In the present day, Marin Ellis has taken on the custody of her sulky 15 year old half-sister, Rebecca.  They move to Bower house to try and start a new life for themselves.  They, too, are grieving the sudden accidental death of their parents.  When Rebecca shows a spark of interest in the now decrepit walled garden, Marin hires Joss, a local gardener to help them restore the garden.  Together, they uncover the garden’s past and its secrets – and again friendships and romance evolve around the lost garden.

I found the characters authentic and the setting just so darn dreamy (I want my own secret garden…).  For those readers who want a fast moving plot and high drama – this is not a book for you, as The Lost Garden moves gently and slowly along.  I found myself living with its characters, breathing in the rooms of the house and seeing the garden transformed in both time periods.

A purely pleasant read for total escape to a magical secret garden  — some times that’s all you need.

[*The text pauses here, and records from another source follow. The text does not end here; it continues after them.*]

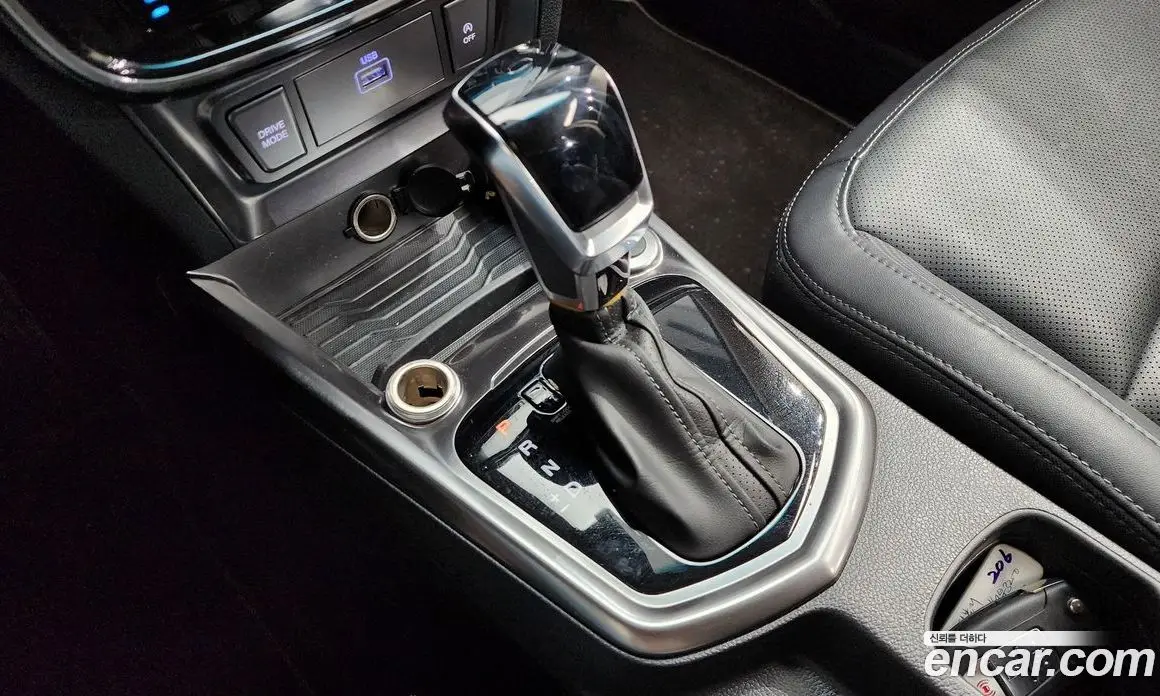 SsangYong TIBOLI 2022 1.5 автомат (гидро), фото 12 SsangYong TIBOLI 2022 1.5 автомат (гидро), фото 12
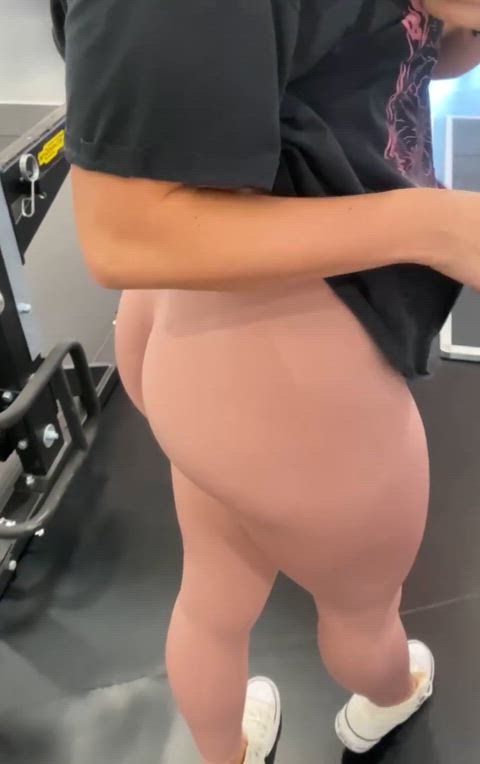 Cutest leggings in my gym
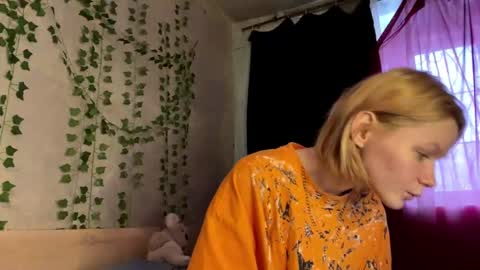 kate_mikki online show from December 18, 3:01 am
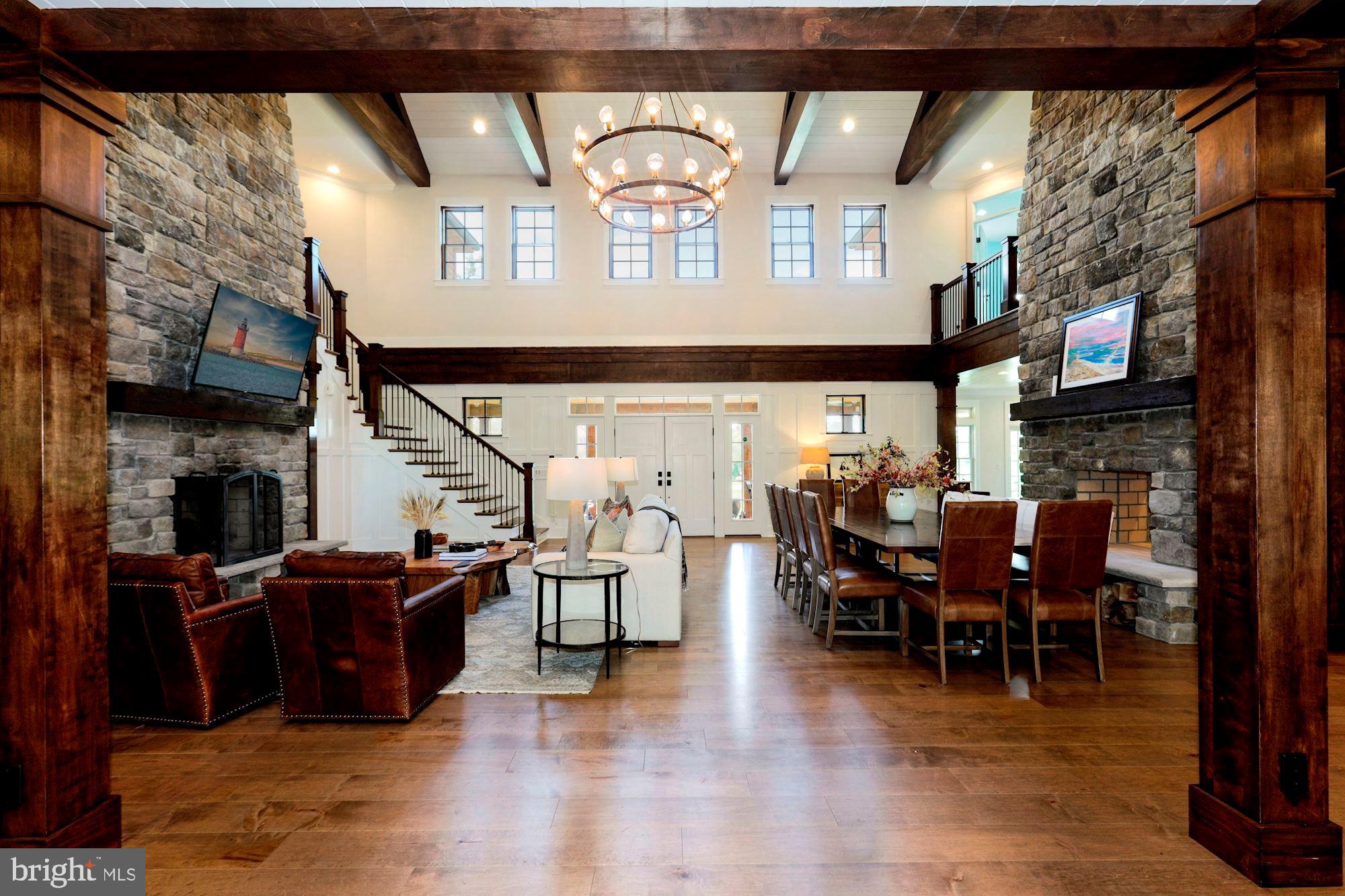 WOLFE POINTE - Residential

Digital review copy provided by Lion Fiction via NetGalley.

 

 

 

The Signature of All Things by Elizabeth Gilbert

913MaEC1LvLI was entranced by this book — just holding the beautiful hardback edition, with its botanical illustrations on the front and back flyleaves, gave me a little thrill.  I was especially hooked by the storyline which follows a  19th century female botanist.  I’ve long been fascinated with the early botanical illustrators who ventured into harsh climes to painstakingly draw and record plant specimens before the advent of photography.  Add to this that I savored Ms. Gilbert’s Eat, Pray, Love — both the book and the film.  So I was set – that magical feeling of embarking into a book that holds great promise.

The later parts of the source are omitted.